As per the existing rules, a review petition is to be considered by the same Bench unless the same judges are not available. Taking advantage of this loophole, some reviews are intentionally filed after the retirement of a judge(s) in a bid to achieve a favorable outcome. Castigating such a practise, the Supreme Court in Vedanta v. Goa Foundation (2021) came down heavily on the State of Goa and mining giant Vedanta for filing delayed review petitions after the judges who decided the mining lease case and delivered the judgment in the same back in 2018, retired from office. A bench led by Justice DY Chandrachud warned — ‘Such practise must be firmly disapproved to preserve the institutional sanctity of the decision making of this Court.’
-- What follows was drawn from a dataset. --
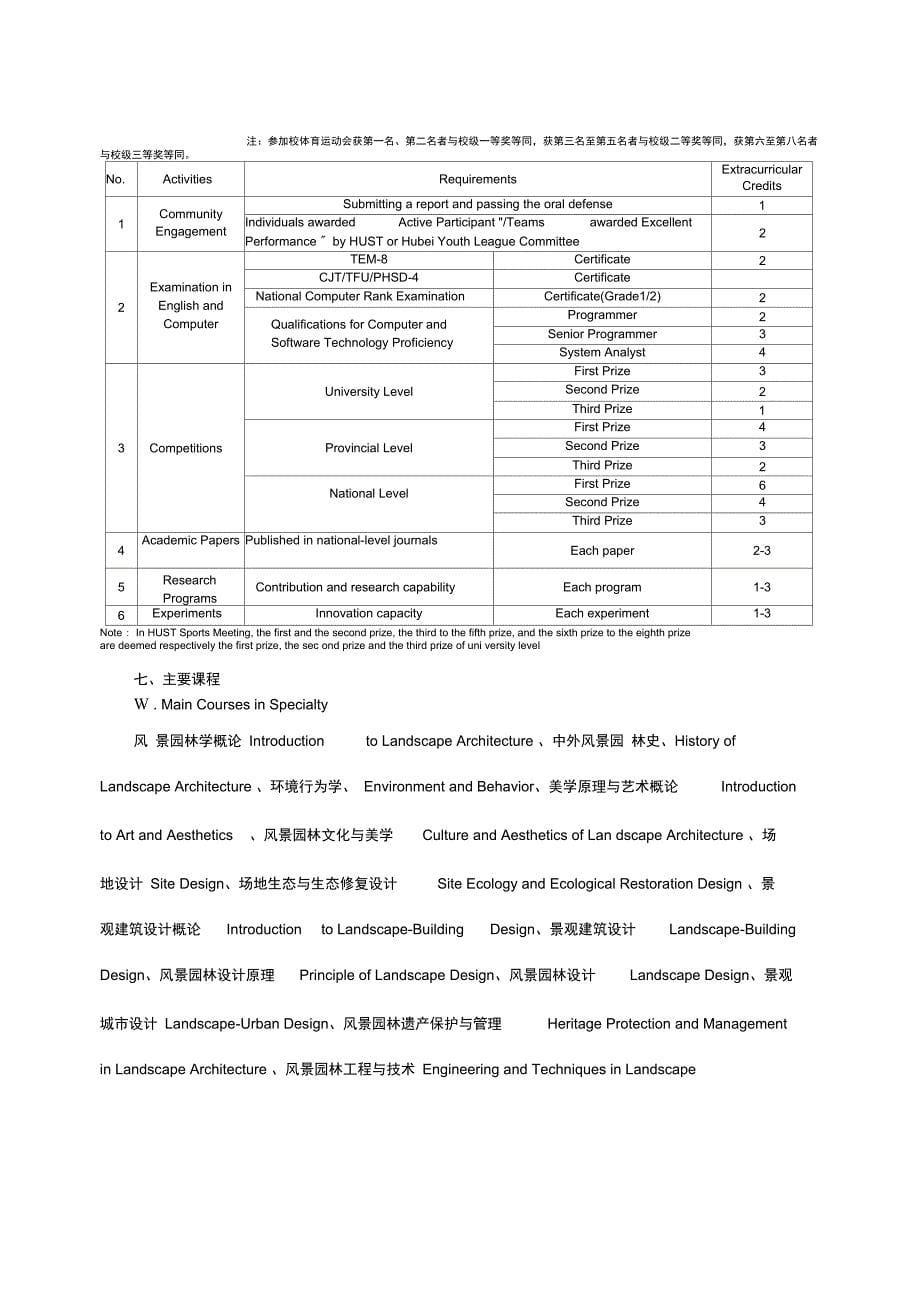 风景园林专业本科培养计划_第5页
Another contentious issue is the purported creation of a new jurisdiction — an intra-court appeal. It is a trite law that the Supreme Court does not sit in appeal over itself. However, in recent times, attempts have been made to avail this new relief by misusing the Chief Justice’s administrative powers, in specific his ‘master of the roster’ powers. This is carried out by first filing a recall application and mentioning it before the Chief Justice’s Bench following which a stay order is granted by the Chief Justice against the impugned order. This has happened recently in the case of Ritu Chhabaria v. Union of India and Others (2023) on default bail and in an abortion case.

Deprecating such a practice, a Supreme Court bench comprising Justices Hima Kohli and B.V. Nagarathna rebuked the Union government for orally mentioning before CJI D.Y. Chandrachud that an order passed by the bench allowing the termination of a pregnancy that had crossed over 24 weeks should be recalled. Without mincing any words, Justice Nagarathna remarked — ‘We do not appreciate this. If the Union of India starts doing this, private parties will also start doing this. We are an integral court. Every Bench of the Supreme Court is the Supreme Court’.